0.637. For every woman, probability to get positive scan is 0.637

Summary

A few things can be conclude after analyzing the data on the case

study.

A higher heart rate will propose a higher chance on positive

thallium test compared to a person with a normal heart rate.
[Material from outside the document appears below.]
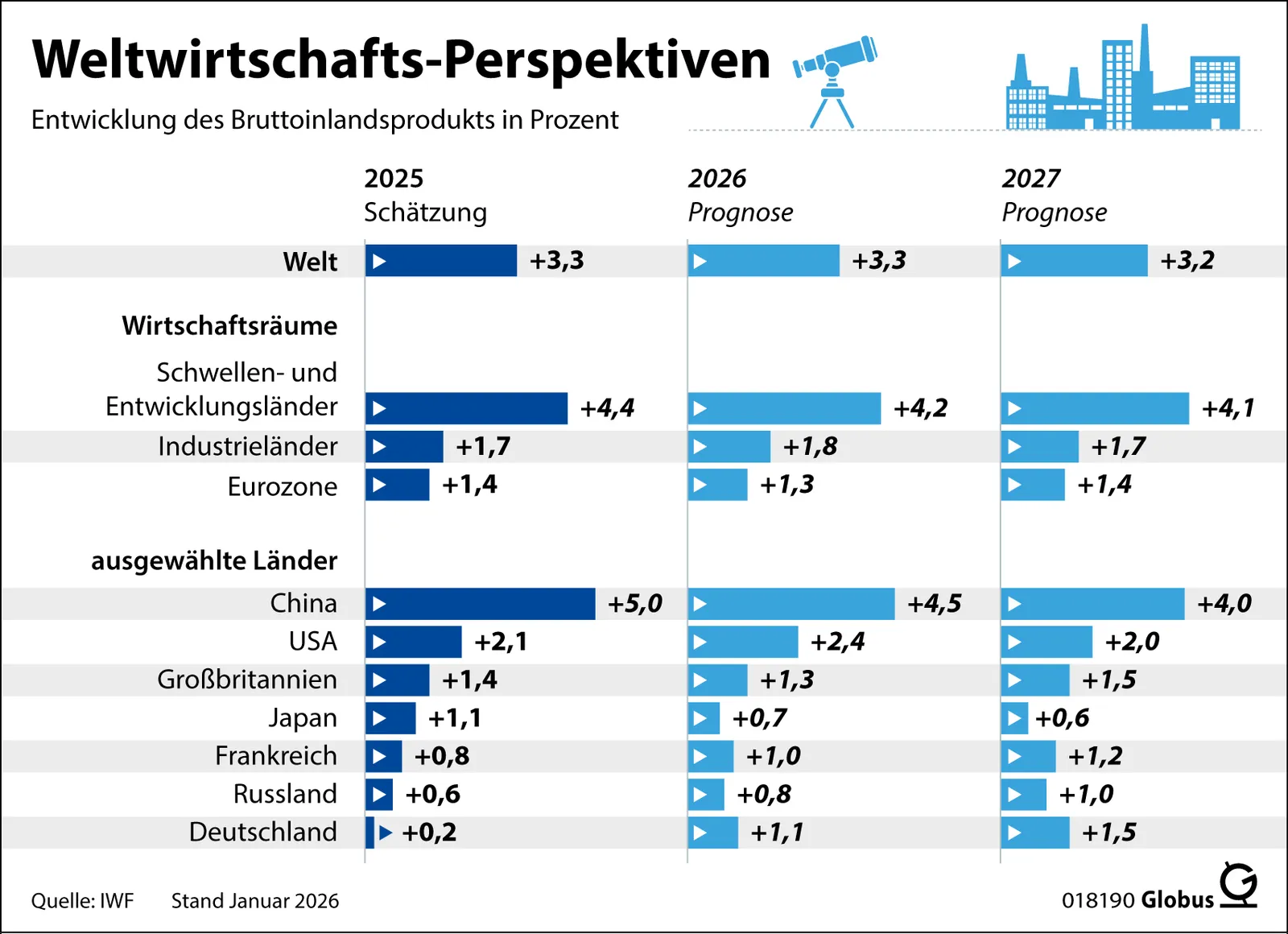 ## 1. Hauptthema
Women has higher chance compared to men on having positive

thallium test.

we can interprete that during exercise, Ischaemia is 1.423 times

more likely to have positive scan for Thallium.

Conclusion

In this paper, we demonstrate that logistic regression can be a

powerful analytical technique for use when the outcome variable is

dichotomous(dependent variable that can take value 1 or 0) . This

method is widely used around the world and in various fields such as :

the medical and social science fields. For example, the Trauma and

Injury Severity Score (TRISS)

Marketing applications such as prediction of a customer's

propensity to purchase a product

In economics it can be used to predict the likelihood of a person's

choosing to be in the labor force

In conclusion to that. Logistics regression is a great method that has

been gaining popularity in the last decade.